Give the data again exactly as written, skipping any pictures.

[RECORD EXCERPTS — start]

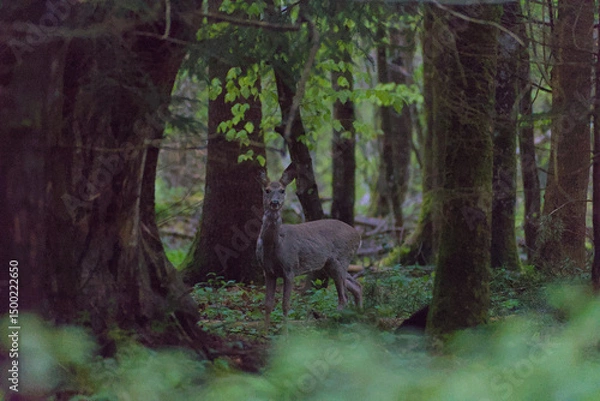 Fototapeta a majestic deer stands gracefully in the dense forest of berne, bathed in soft natural light. its rich brown coat contrasts beautifully with the lush green foliage, creating a serene, timeless scene.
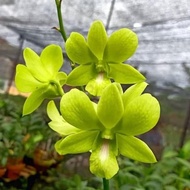 Anggrek Dendrobium Bunga Hijau / Anggrek Dendro / Anggrek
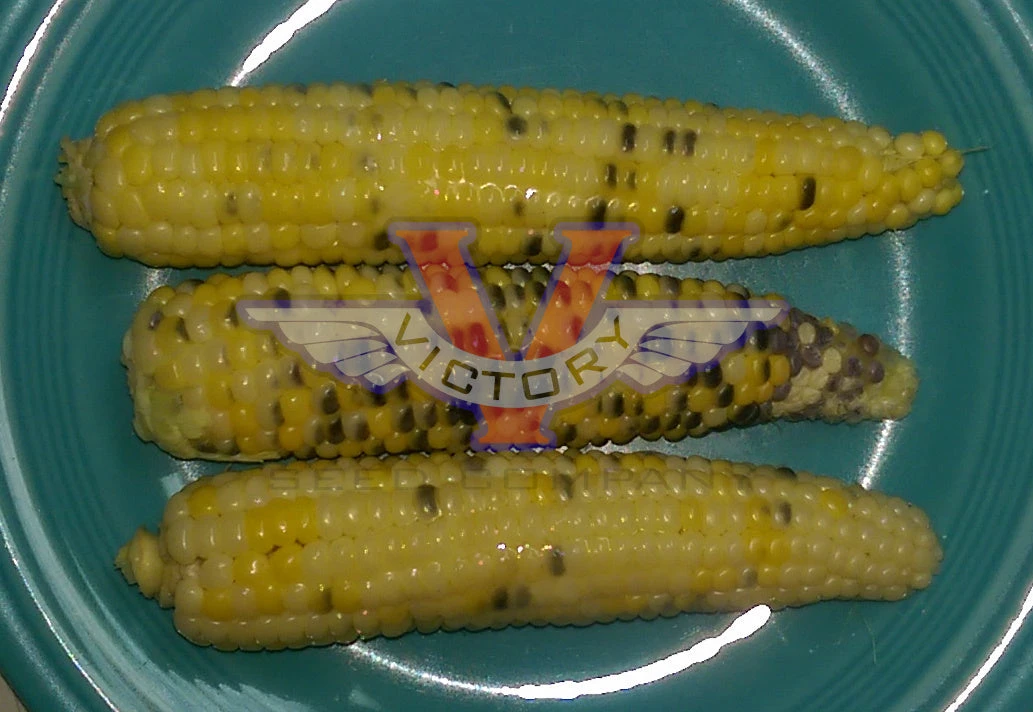 Triple Play Sweet Corn - Image 2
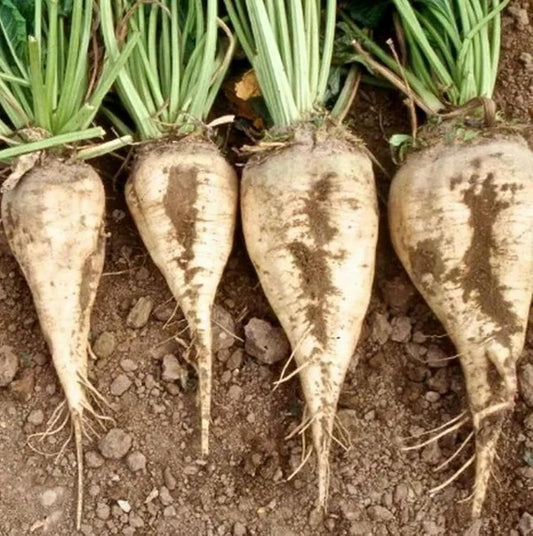 Sugar Beet Seeds for Planting – Plant & Grow Heirloom Sugar Beets in Home Outdoor Vegetable Garden, Beta vulgaris – 3 Packets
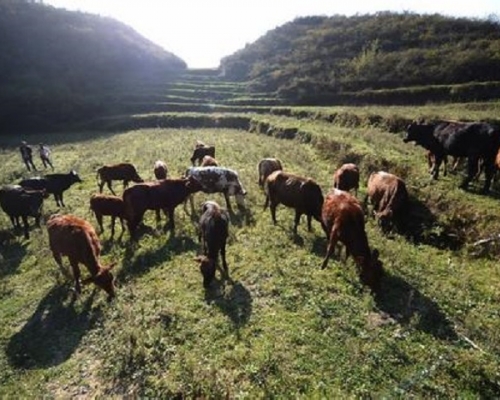 炭疽是一種自然疫源性疾病，牛羊等草食動物易受感染。資料圖片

[RECORD EXCERPTS — finish]

### ANSWER FOR THIS EXERCISE
 Fototapeta a majestic deer stands gracefully in the dense forest of berne, bathed in soft natural light. its rich brown coat contrasts beautifully with the lush green foliage, creating a serene, timeless scene.
 Anggrek Dendrobium Bunga Hijau / Anggrek Dendro / Anggrek
 Triple Play Sweet Corn - Image 2
 Sugar Beet Seeds for Planting – Plant & Grow Heirloom Sugar Beets in Home Outdoor Vegetable Garden, Beta vulgaris – 3 Packets
 炭疽是一種自然疫源性疾病，牛羊等草食動物易受感染。資料圖片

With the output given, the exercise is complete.